Bellaire City Council formally passed an ordinance calling the election Feb. 10 during a special session, when the council amended the order in which the propositions will appear on the ballot, as well as establishing the rate of pay for election officials working during early voting and on election night.
The propositions are as follows:
- Proposition A: The city must deliver detailed information to residents living on a block zoned by the city for residential use if it plans to build a sidewalk there on or before six months of council consideration.
- Proposition B: The city may not construct a sidewalk on a residential block without 50% written approval of the property owners on that block no more than three months prior to construction.
- Proposition C: The city may not construct a sidewalk unless it also eliminates the impact of the material used in the sidewalk construction on water discharge and runoff in the city.
City Council first received the petitions Jan. 28, 2019, but was unable to place the items on the ballot in the November election, City Clerk Tracy Dutton said.

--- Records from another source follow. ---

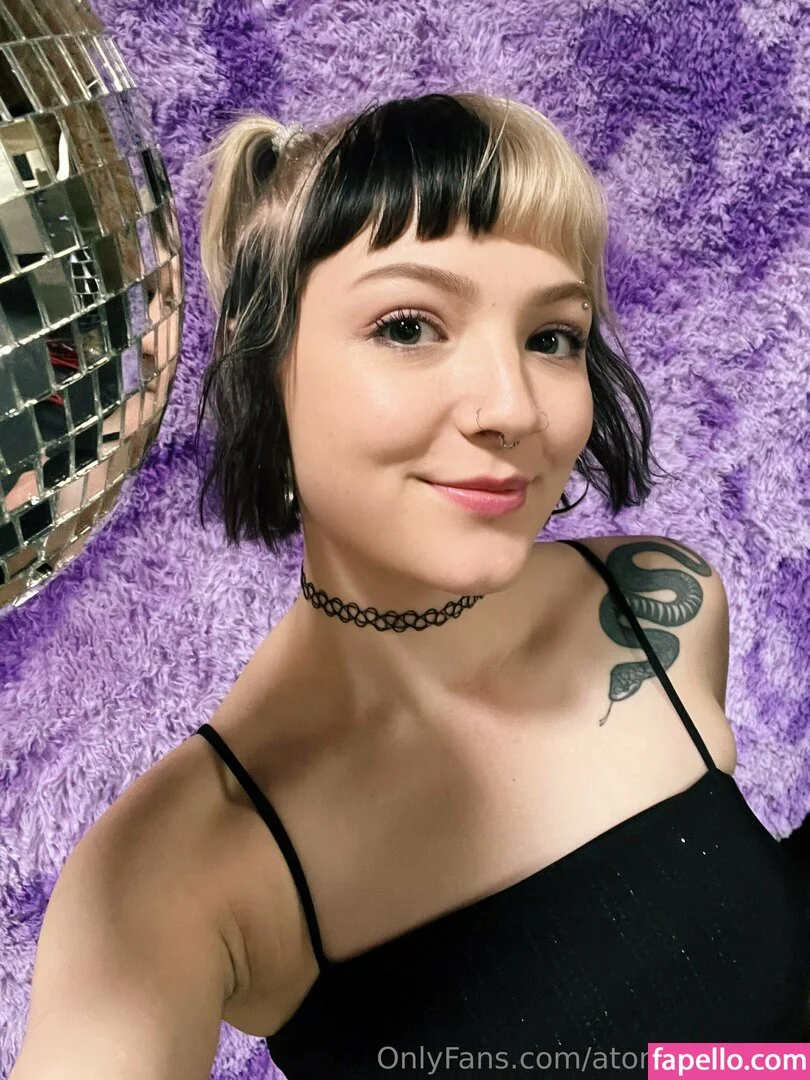 atom_and_eve Onlyfans Photo Gallery 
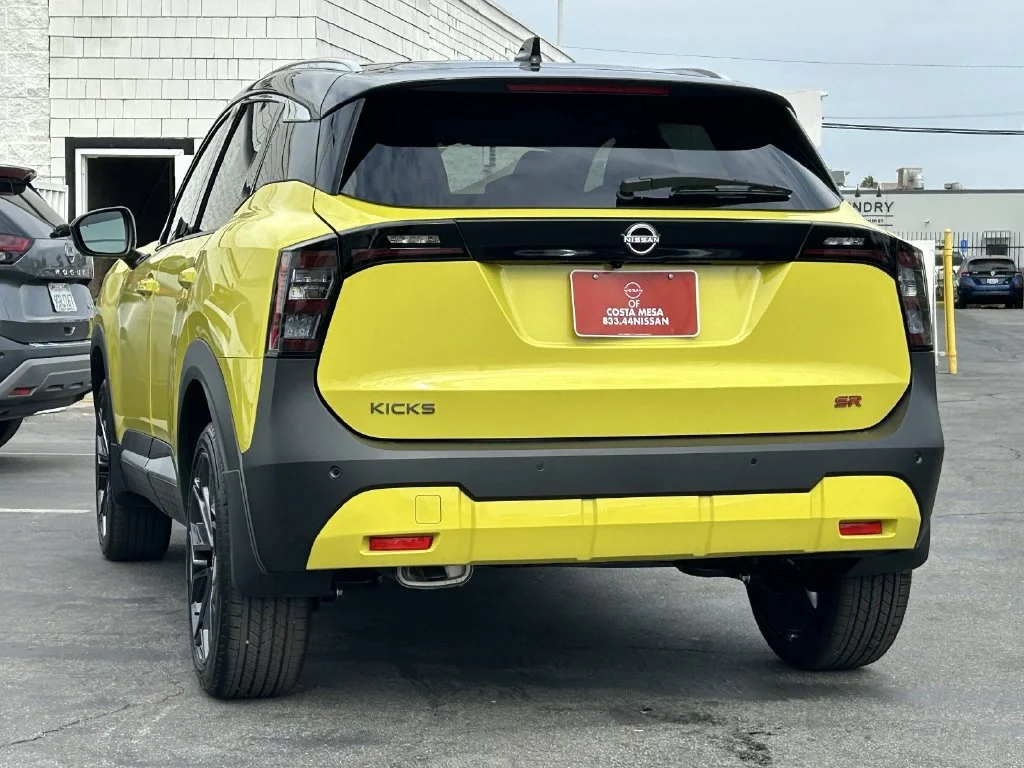 New 2026 Yuzu Yellow Metallic / Super Black Two-tone Nissan SR image 3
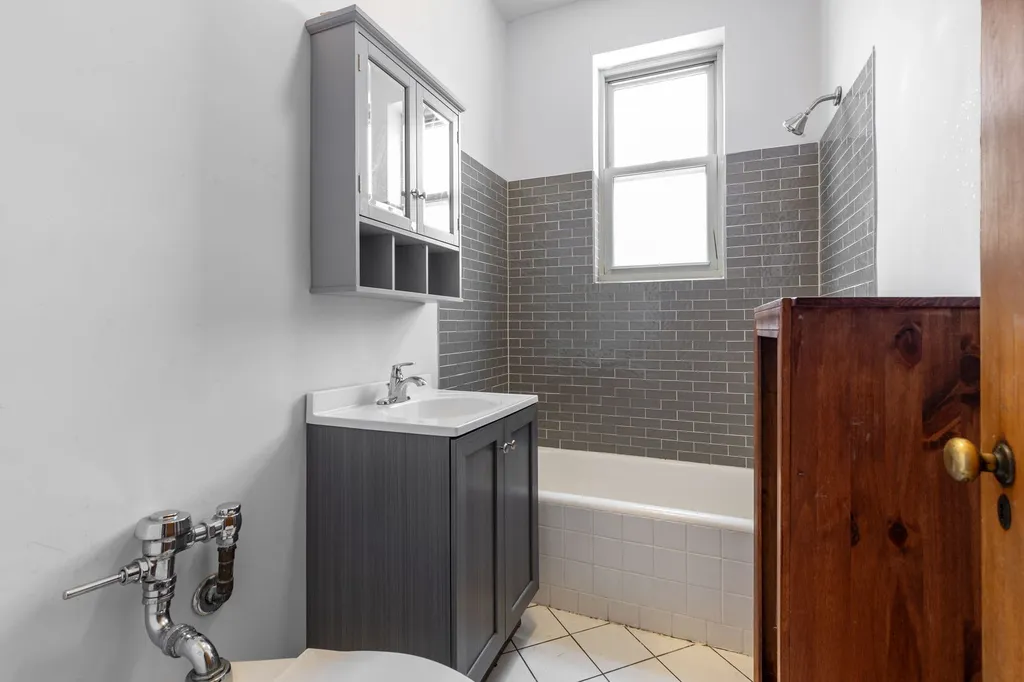 7370 South South Shore Drive Chicago IL 60649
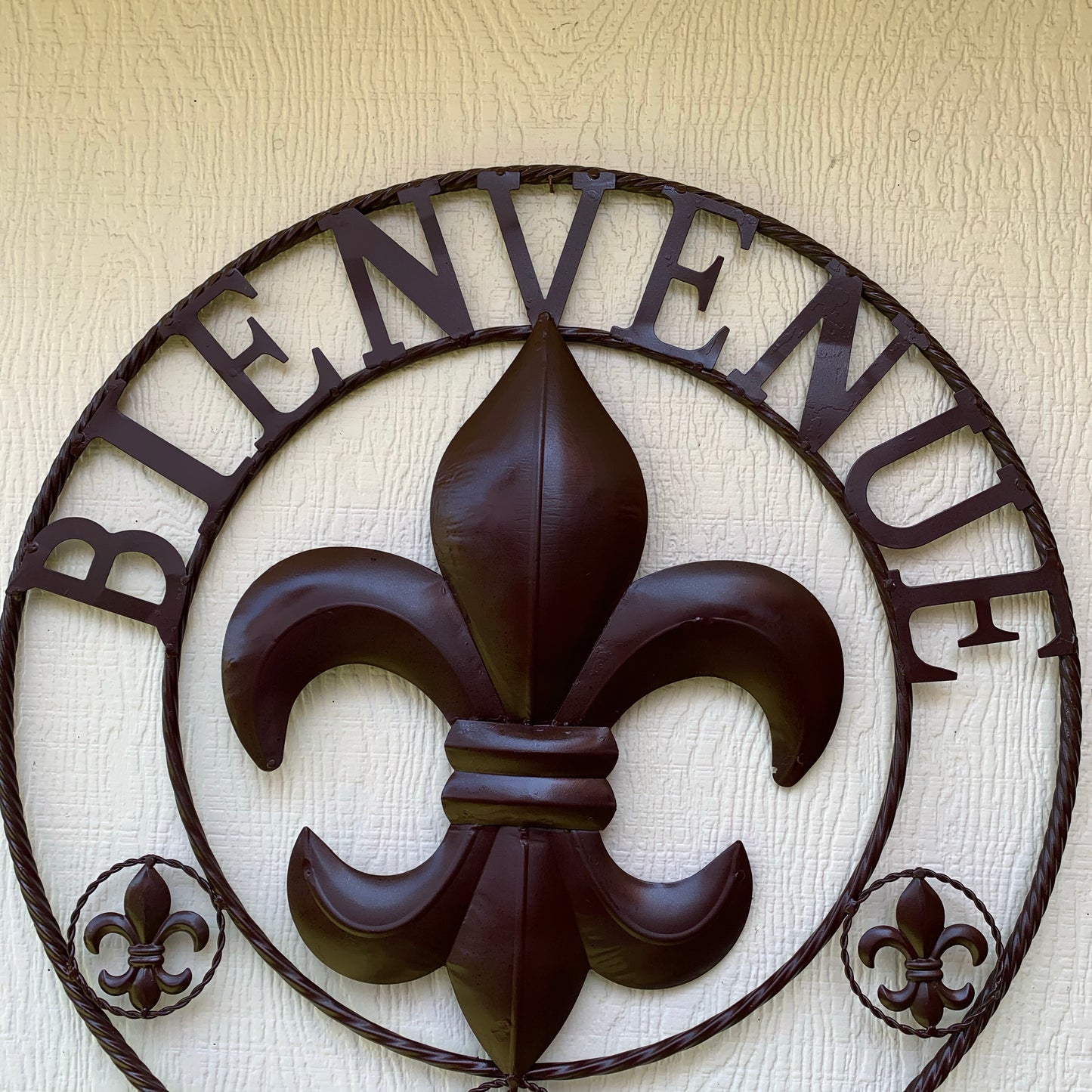 BIENVENUE FLEUR DE LIS GLOSSY BROWN METAL WALL ART WESTERN HOME DECOR NEW #EH10183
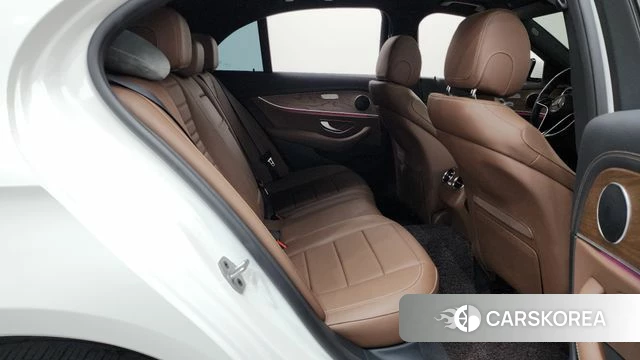 Mercedes-Benz E-Class W213 2021 Белый из Кореи, фото 2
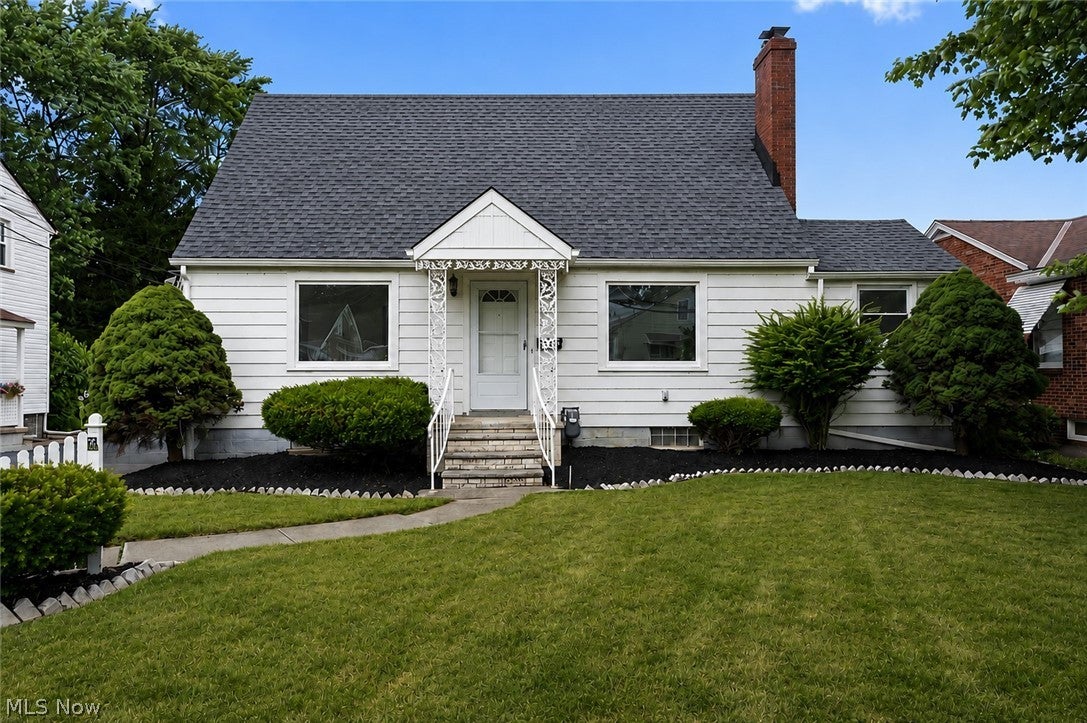 191 E Martin Street — photo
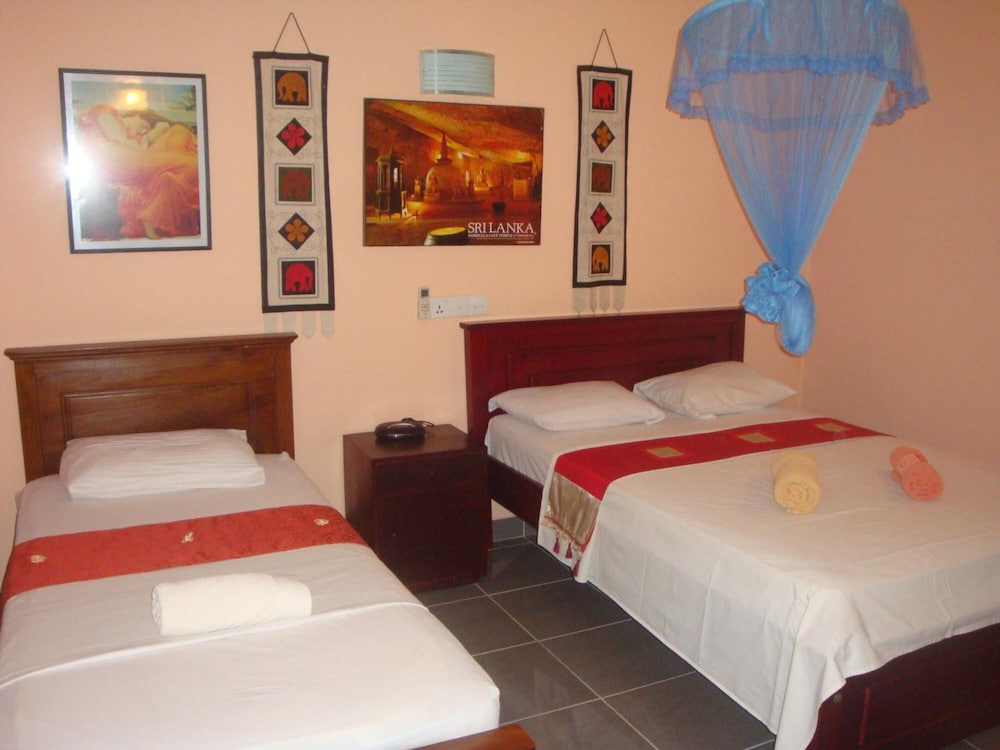Days Inn Kandy 17/50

“They submitted it in hopes of having it during the November election, but it hadn’t been two years since the last charter election,” Dutton said.
The Texas Constitution prohibits cities from changing their charter more than every two years. Because Bellaire last amended its charter during an election held Nov. 7, 2017, the first authorized election date was May 2 of this year.
Bellaire will use only one precinct in order to cut costs and will use the Bellaire Civic Center, 7008 S. Rice Ave., for its voting location.
Early voting spans April 20-28. April 21 and 28 will have voting from 7 a.m. to 7 p.m. April 20 and 22-24 will have voting 8 a.m. to 5 p.m. April 25 will have voting 10 a.m. to 5 p.m., and April 26 will have voting 1 p.m. to 5 p.m.
In the meantime, Bellaire is in the process of gathering and training workers, Dutton said. Also, city staff is working on determining the fiscal impact to the city should the propositions pass.
“A charter amendment election requires what the fiscal impact is if it passes,” Dutton said. “The city is working with the city engineer on what we believe the fiscal impact will be if each of these amendments will pass, and there will be an impact for each of them.”
That work should be completed by the end of March.